Wednesday 22 June 2022, 8pm
In 2018 Pat Thomas and XT (Paul Abbott and Seymour Wright) played together for the first time - at OTO.
They imagined a response to Cecil Taylor Akisakilla - in part as a celebration of Taylor's work and influence, in part as an exploration of the ideas of influence, and in part as a celebration of how the past becomes the future through sound.
That concert is released this May on Edition Gamut as a 2LP - Attitudes of Preparation (Mountains, Oceans, Trees) - with a gatefold sleeve designed by Will Holder (F.R. David).
Tonight's concert is one of four (more or less simultaneous) events - the others in Zurich and Brussels - to launch, further extend and re-situate the ideas of this collaboration into new space(s) of strangeness where the pasts of, for example, Attitiudes of Preparation, XT's Deorlaf X and Thomas' New Jazz Jungle: Remembering (might) fuse into a new, strange potential future.
Pat Thomas studied classical piano from aged 8 and started playing Jazz from the age of 16. He has since gone on to develop an utterly unique style - embracing improvisation, jazz and new music. He has played with Derek Bailey in Company Week (1990/91) and in the trio AND (with Noble) – with Tony Oxley’s Quartet and Celebration Orchestra and in Duo with Lol Coxhill.

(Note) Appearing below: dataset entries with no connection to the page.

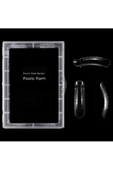 Fontenay Protez Tırnak Üst Dual Form Poly Jel Tipsi - Küt 120 Adet - 3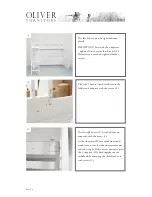 Preview for 8 page of Oliver Furniture 021218 Assembly Instructions Manual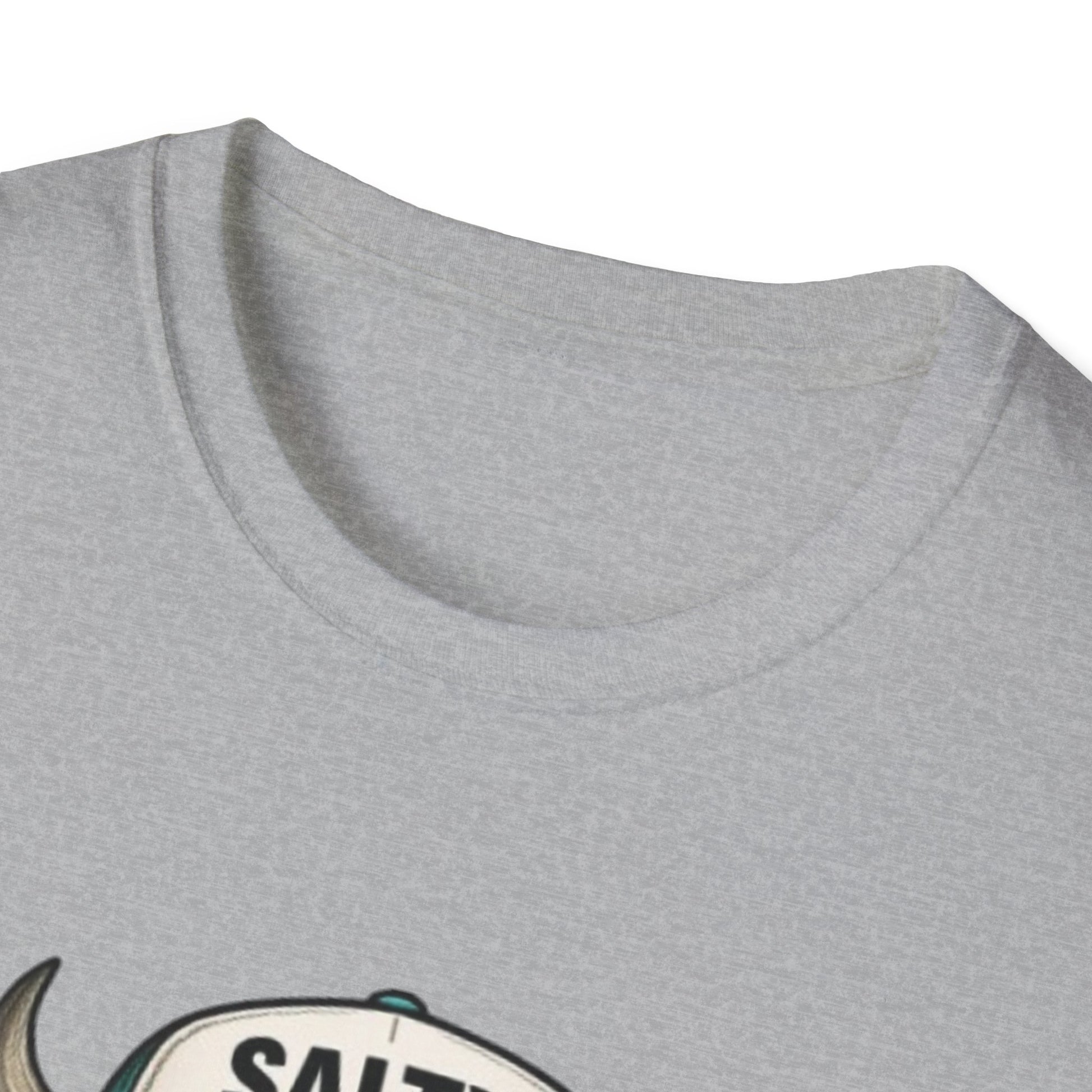 Salty Heifer T-Shirt Printify T-Shirt Rhythm & Drip Apparel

"Sartorially shabby as Thomas may be, and on first impression even rather stolid, he has a somewhat imperious charisma that’s immediately amplified when he starts to play. Unlike other pianists whose virtuosity seems to be racing ahead of their thought processes Thomas always seems supremely in command of his gift, and his playing, no matter how free and ready to tangle with abstraction, always carries a charge of authoritative exactitude." - The Jazzmann
Opening possibilities of language and learning from below, XT bounce questions of the specific material conditions, histories and logics of the saxophone and drum kit in a flexible, manifold process of collaboration, augmentation, bifurcation, antagonism and technological and somatic feedback. Increasingly they plug in, using synthetic and amplified saxophone and drums to extend magnify and delay what they do.
The project explicitly folds together their overlapping interests in language, learning, politics and an investigative ethics of emancipation.